High values of gold from widespread historical working were confirmed, which indicated that goldpregnant solutions were generated locally, probably in igneous intrusions evident on magnetic images. Although generally associated with thin quartz veins which are of low interest in themselves, an excellent gold value of 29.2g/t Au (SN G00133) was discovered in chlorite schist which cross-cuts the lines of lode. The possibility of larger scale, shear-hosted gold deposits will be investigated.

Financial Report for the half-year ended 31 December 2011

Some electrical, gradient-array-induced-polarisation anomalies investigated were found to be associated with pyritic quartz veins. Since a previous investigation found that massive pyrite at Wheal Fortune Mine (Figure 2) contained 134 g/t Au, some electrical anomalies will be further investigated.

A drilling program is recommended and an ATR was completed and sent to the Government for approval.

Field work planned for the last quarter of 2011 was cancelled because of intense bush fires.

Gladstone Manganese Project

The Gladstone-Mount Millar Project consists of Exploration Licence (EPM15771) and Mining Lease Application (MLA80166) and is located approximately 15 kilometres by road from the port of Gladstone on the east coast of central Queensland.

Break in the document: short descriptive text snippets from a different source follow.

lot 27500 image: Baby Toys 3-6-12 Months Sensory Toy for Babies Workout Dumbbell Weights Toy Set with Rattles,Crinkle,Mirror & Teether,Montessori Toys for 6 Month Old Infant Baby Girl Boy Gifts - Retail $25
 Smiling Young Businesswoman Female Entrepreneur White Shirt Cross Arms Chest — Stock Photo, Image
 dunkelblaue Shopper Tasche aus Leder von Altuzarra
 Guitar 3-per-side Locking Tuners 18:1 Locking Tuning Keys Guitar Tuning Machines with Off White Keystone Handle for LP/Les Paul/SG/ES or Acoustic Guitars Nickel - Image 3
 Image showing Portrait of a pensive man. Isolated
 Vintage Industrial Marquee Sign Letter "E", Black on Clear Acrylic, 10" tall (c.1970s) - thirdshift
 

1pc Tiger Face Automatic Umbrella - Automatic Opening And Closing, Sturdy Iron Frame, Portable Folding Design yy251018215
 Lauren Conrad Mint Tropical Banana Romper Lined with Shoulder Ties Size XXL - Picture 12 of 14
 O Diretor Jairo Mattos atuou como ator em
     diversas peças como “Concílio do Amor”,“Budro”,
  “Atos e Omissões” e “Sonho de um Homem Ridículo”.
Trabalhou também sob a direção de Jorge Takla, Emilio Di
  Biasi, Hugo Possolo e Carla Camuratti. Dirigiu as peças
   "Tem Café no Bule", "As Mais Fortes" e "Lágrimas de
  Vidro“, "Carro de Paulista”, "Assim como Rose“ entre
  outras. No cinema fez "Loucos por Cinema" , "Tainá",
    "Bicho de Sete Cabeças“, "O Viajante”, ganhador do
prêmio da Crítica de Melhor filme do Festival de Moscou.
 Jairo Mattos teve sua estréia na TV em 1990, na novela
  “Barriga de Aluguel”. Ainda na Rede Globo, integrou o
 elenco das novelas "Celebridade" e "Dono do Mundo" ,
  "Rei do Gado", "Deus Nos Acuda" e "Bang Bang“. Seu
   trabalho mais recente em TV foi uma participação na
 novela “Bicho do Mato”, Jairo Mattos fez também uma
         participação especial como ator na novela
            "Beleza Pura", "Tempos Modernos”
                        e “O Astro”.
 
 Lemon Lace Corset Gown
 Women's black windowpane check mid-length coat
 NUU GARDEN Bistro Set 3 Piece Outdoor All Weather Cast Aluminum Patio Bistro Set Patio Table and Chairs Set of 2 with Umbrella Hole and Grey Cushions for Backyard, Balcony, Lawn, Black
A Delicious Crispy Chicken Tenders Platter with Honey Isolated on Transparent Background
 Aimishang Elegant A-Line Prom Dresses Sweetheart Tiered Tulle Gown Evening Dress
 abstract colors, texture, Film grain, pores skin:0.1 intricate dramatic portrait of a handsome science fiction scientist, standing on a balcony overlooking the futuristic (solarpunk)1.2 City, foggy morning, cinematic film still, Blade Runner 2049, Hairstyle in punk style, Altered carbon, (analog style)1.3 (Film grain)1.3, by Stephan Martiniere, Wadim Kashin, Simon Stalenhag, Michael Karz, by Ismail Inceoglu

On 21 April 2011, the Queensland Government Department of Environment and Resource Management granted an Environmental Authority (Mining Lease) Non Code Compliant Level 2 Mining Project (EA MIN201115110) for the Mount Millar Mine. However, this EA is not activated until compensation agreements ("CA") are in place with Queensland Main Roads and Queensland National Railways. The CA with Queensland Main Roads was finalised in December.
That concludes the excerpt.